I want to take these two women to get medical help, the soldier next to Jakob said, you too. We’ve got trucks coming for the others, they’ll be here in a few minutes. Our medics will take care of them. Will you tell them that? The Nazis are gone. No one is going to hurt them now. Jakob translated what he’d said in French to Emmanuelle, then German, and Russian, which he appeared to speak fluently as well. The women nodded, and the jeep took off toward the main part of the complex with Jakob, Emmanuelle, and the other woman, who had slipped into unconsciousness by then. Jakob was holding Emmanuelle’s hand, and the soldiers noticed that they all had a dead look in their eyes. They had been through an unspeakable hell for as long as they’d been there. None of the Americans could fully understand what they were seeing, and the residents of the camp didn’t have the strength to explain, but they were walking proof of what the Nazis had done to them.

A medical tent had already been set up by then, and a soldier escorted Jakob and Emmanuelle inside. Another soldier carried the unconscious woman. As soon as Emmanuelle was being tended to by an army medic, Jakob hobbled back outside to help the soldiers with explanations about the locations of the camp offices and other barracks. There was a mountain of naked corpses the Nazis had wanted to have buried before they left, but hadn’t had time to see to it. The soldiers were devastated as they entered the dormitories, and medics followed them, carrying litters to bring out the sick and the dead. Jakob stayed with them for a long time, to be as helpful as he could, translating for them. And after that, he went back to the tent to find Emmanuelle. She was his friend, and the food she had stolen for him had sustained him. More than that was unthinkable here. Having a friend was rare enough, particularly a woman. She had been very brave to give him what she did. She had almost been caught once, when a guard suspected her of putting a potato in her pocket, but she had let it drop to the ground, and it was so small and rotten, the guard hadn’t bothered with it. He had hit her with a whip on the back of the neck and moved on. She had picked it up again before she left, when she’d finished work.

The medic tending to her asked her name, and Jakob supplied it. Emmanuelle Berger. She’s twenty-three years old, from Paris. She’s been here for almost two years.

Is she your sister?

No, I’m Austrian. We’re friends. The young soldier nodded and made note. Eventually, they would have more than twenty-one thousand histories to take, but the Red Cross would help them do that. Families and survivors would have to be reunited. This was only the beginning, and just in the short time they’d been there, prisoners had continued to die. For some, the Americans had come too late. For others, like Emmanuelle, just in time. The other woman from her barracks had died while they were examining her.

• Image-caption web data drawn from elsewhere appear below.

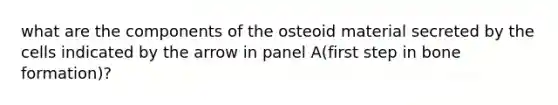 what are the components of the osteoid material secreted by the cells indicated by the arrow in panel A(first step in bone formation)?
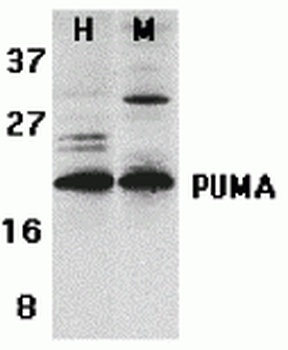 BBC3 Antibody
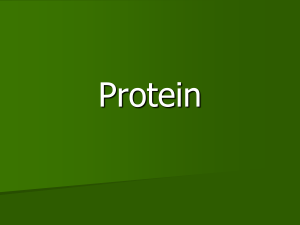 Protein - Canon-MacFCS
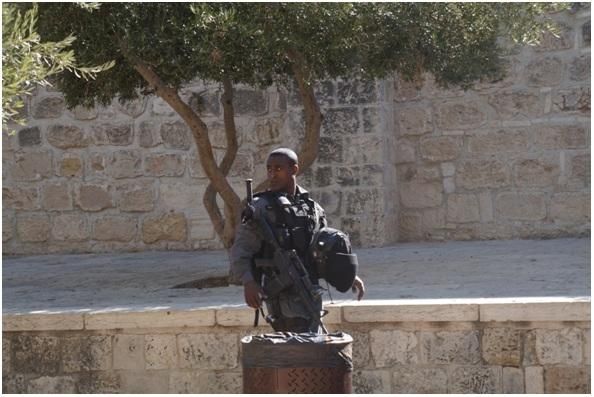 Imágenes captadas por Cristina Brito durante su estancia en Palestina.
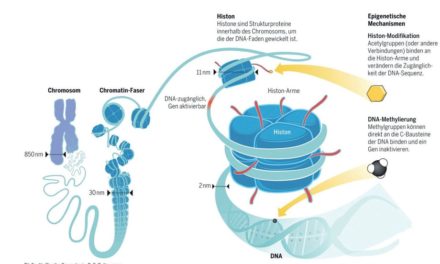 Epigenetik – auch Gene haben ein Gedächtnis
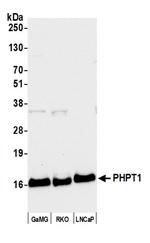 PHPT1 Antibody in Western Blot (WB)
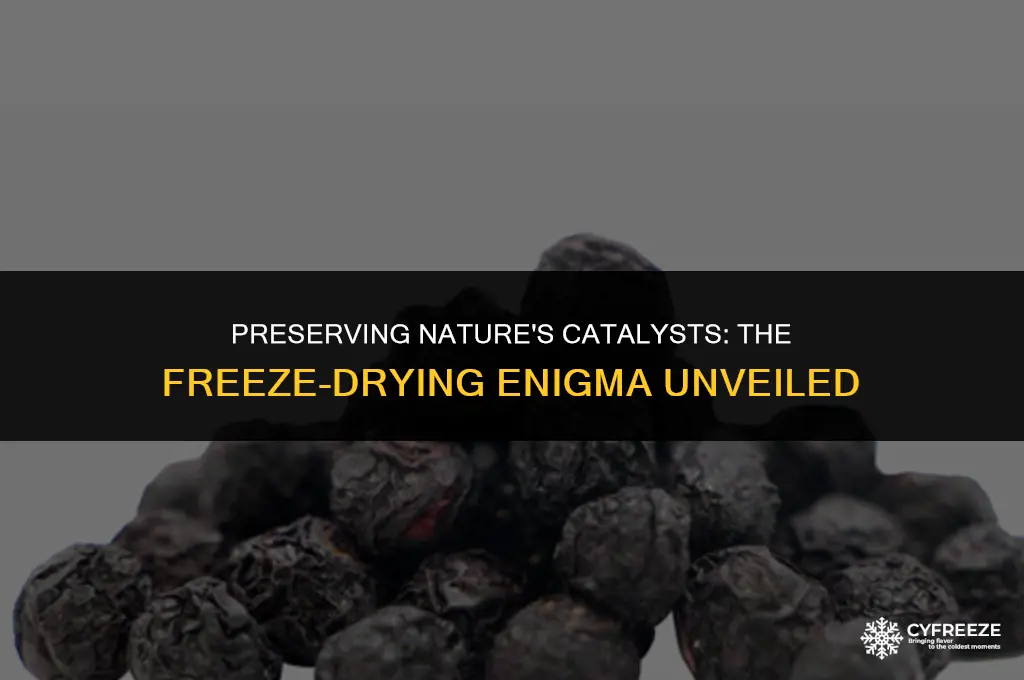 are natural enzymes killed when food is freeze dried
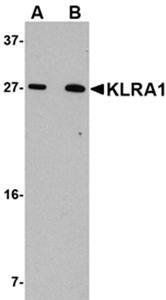 KLRA1 Antibody
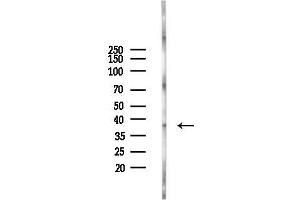 Western blot analysis of lysates from Mouse brain, using CL Antibody at 1/1000 dilution.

The following day, April 12, the Eightieth Infantry Division came to take control of the camp. Medical units had been arriving since the day before, responding to emergency calls from the Eighty-Third Infantry. They’d never seen anything like it. It was a camp filled with living corpses who were barely clinging to life. How they had survived was beyond imagining. They were using all their translators to communicate with the freed prisoners, who spoke many languages, and after a cursory examination by the medics, Jakob had continued to help them where he could, since he spoke English, German, Russian, and French.

The next day, the press corps arrived and were photographing everything. One team was making newsreels of the freed prisoners. This was hard evidence of just how inhuman the Nazis were. These weren’t prisoners of war, although it would have been inexcusable treatment of them too. These were civilians who had been brought from all over Europe and incarcerated in the camp. The army already knew there were other camps like it but Buchenwald was the first they’d seen.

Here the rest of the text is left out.